Et puis, il y a l’hiver. Et même à Marseille, il arrive qu’il fasse froid. Surtout par temps de mistral. Qu’à cela ne tienne… Nous venions rendre visite à J. après trois jours de négociations serrées, de menaces et de conversations houleuses au téléphone. Selon les nouvelles réglementations dont seul Saint Ehpad a le secret et les prérogatives, J. avait eu trop de visites cette dernière semaine de décembre et bien que l’un au moins des visiteurs ne soit pas venu, on avait tout bonnement biffé d’un trait de plume notre jour et horaire de visite que nous avions pris grand soin de réserver quinze jours à l’avance. Notre juste colère avait fini par faire plier (modestement) les hautes instances administratives, du bout des lèvres, on nous avait proposé à 12h30 un rendez-vous pour le soir même à 17h15. Nous n’étions pas à Marseille et nous venions de faire 3 heures de route pour être à l’heure. Après être passés par toutes les phases du cérémonial susmentionné, nous attendions, comme il se doit, sur la terrasse, il faisait nuit et froid. Le mistral n’avait pas calé avec le crépuscule. Dix minutes plus tard, nous avons vu notre ami arriver lentement dans la salle à manger, de l’autre côté des baies vitrées. Son accompagnatrice, sympathique et humaine, celle-ci, il y en a quelques-unes, ouvrit de l’intérieur la porte du petit salon où nous devions nous rencontrer et nous aperçut. « Mais vous êtes deux ». « Eh oui ! » « Mais on ne vous a pas dit au téléphone que les visites à l’intérieur étaient réservées aux visiteurs non accompagnés ? » « Non. Il y quelques semaines, c’était possible. Personne ne nous a rien dit ». « Vous allez donc le voir dehors. Je vais lui chercher une veste dans sa chambre. » J. était transi de froid, malgré le pull et la veste que la dame était allée lui chercher.
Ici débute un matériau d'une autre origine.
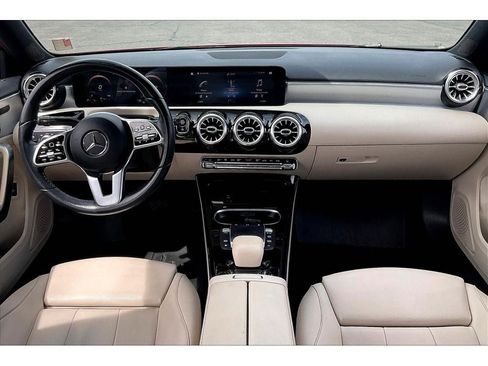 Used 2021 Mercedes-Benz A 220 4MATIC image 16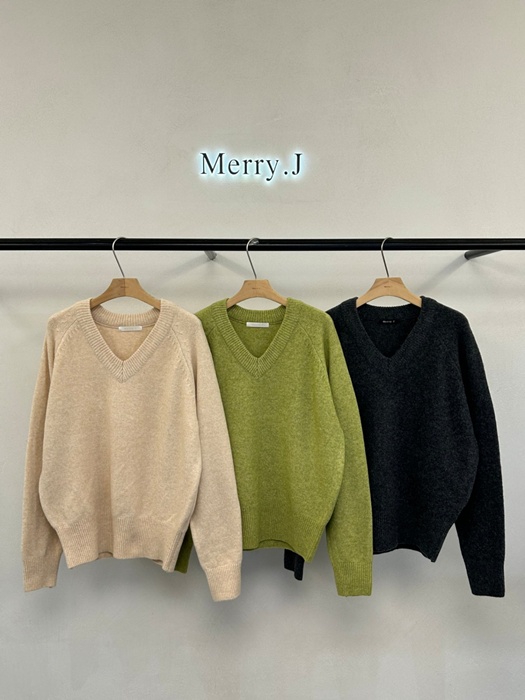 Air Wool V Neck Knit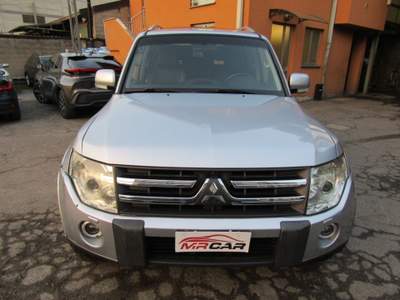 Mitsubishi Pajero 3.2 DI-D Instyle auto 5p * 341.000 KM REALI * Argento usata Lecco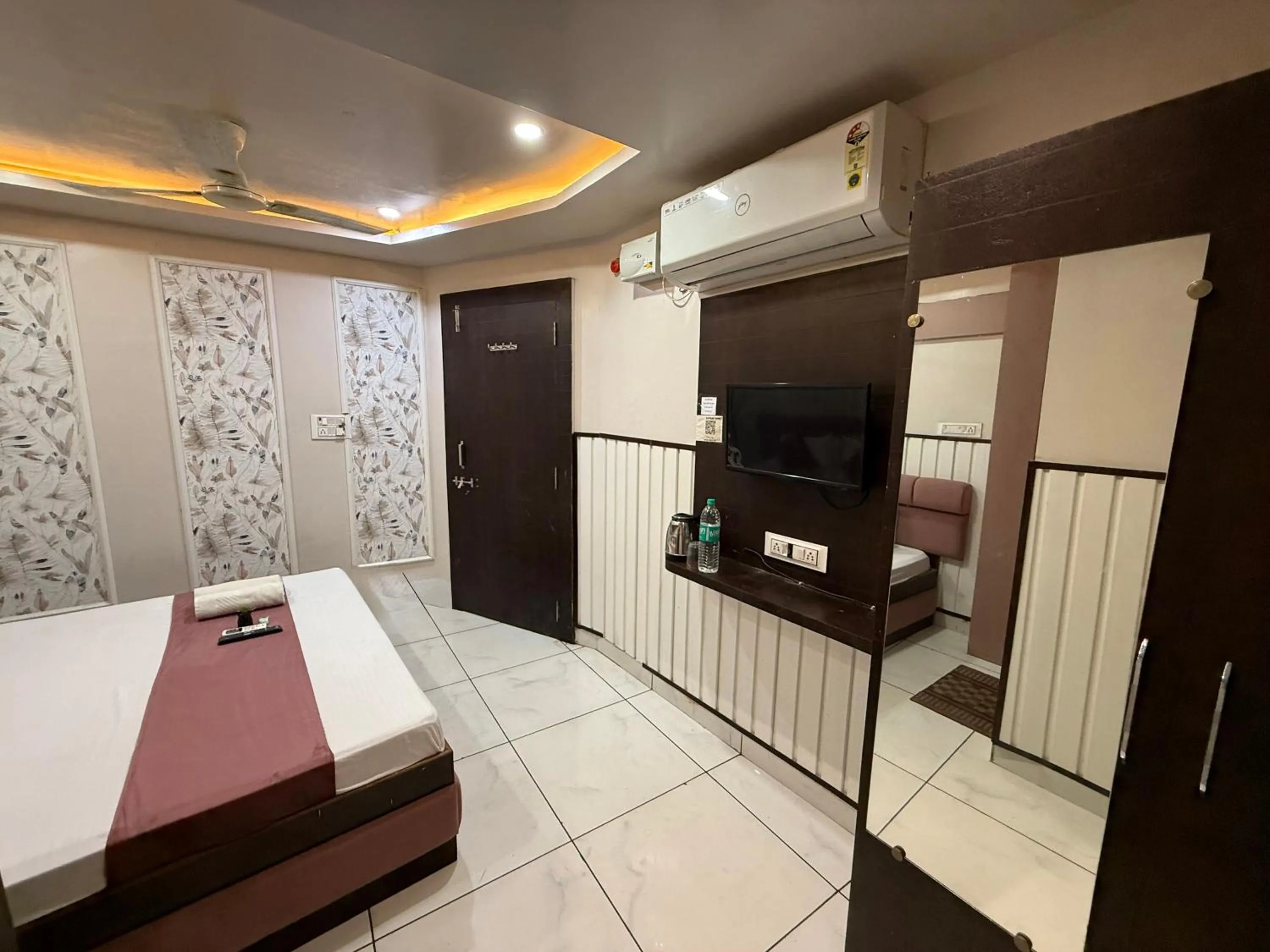 Bed in Hotel Shree Krishna Palace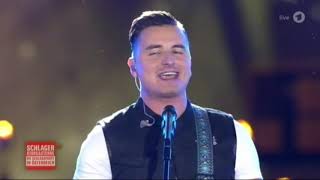 Andreas Gabalier - Verdammt lang her (Die Schlossparty in Österreich 2-6-2018)
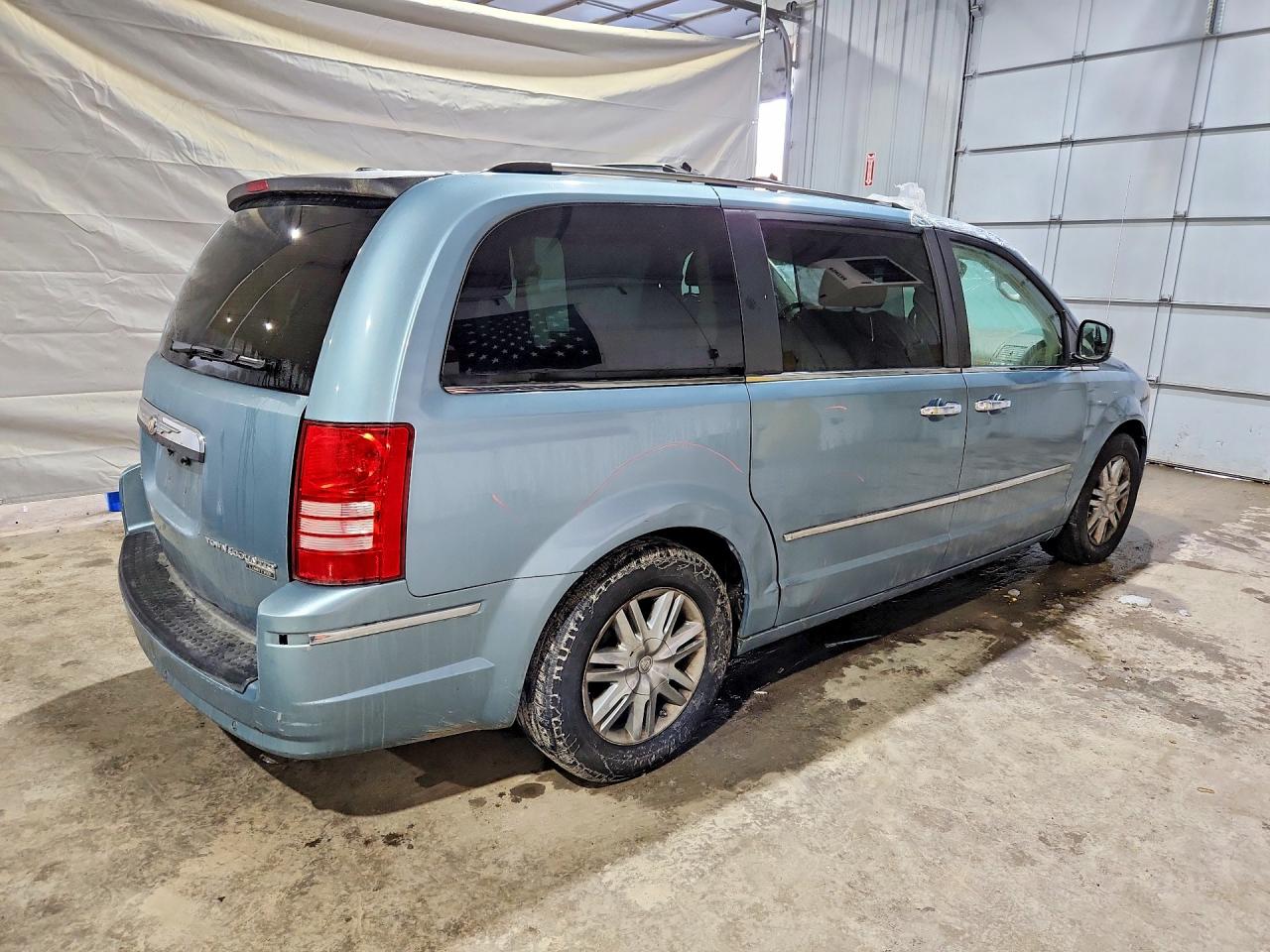 2010 CHRYSLER TOWN & COUNTRY LIMITED photo 3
Nous tremblions de froid sur nos chaises en fer qui nous gelaient les fesses. Nous lui avons offert ses cadeaux de Noël et après quelques mots, nous l’avons laissé rentrer se réchauffer dans la salle. Comme quoi, je vous le donne en mille : mieux vaut une bonne pneumonie que le vilain Coro.

À ceux qui n’ont plus qu’un souffle de vie, masque mettrez. À ceux qui n’ont plus que leurs yeux pour aimer, de leurs enfants, de leurs amis, les priverez, contingenterez les visites jusqu’à ce que mort s’ensuive. À ceux qui à tout petits coups respirent, à ceux qui marcher, mettre un pas devant l’autre ne peuvent plus, l’air, la lumière et les visages aimés leur ôterez. À ceux qui ne connaîtront plus la douce liberté de se promener, de prendre la main des aimés, de jouir du vent et de la lumière, de danser, de rire, de s’émerveiller du sourire d’un enfant, muselières mettrez, peur insufflerez, espoir arracherez, dignité, beauté et vie confisquerez.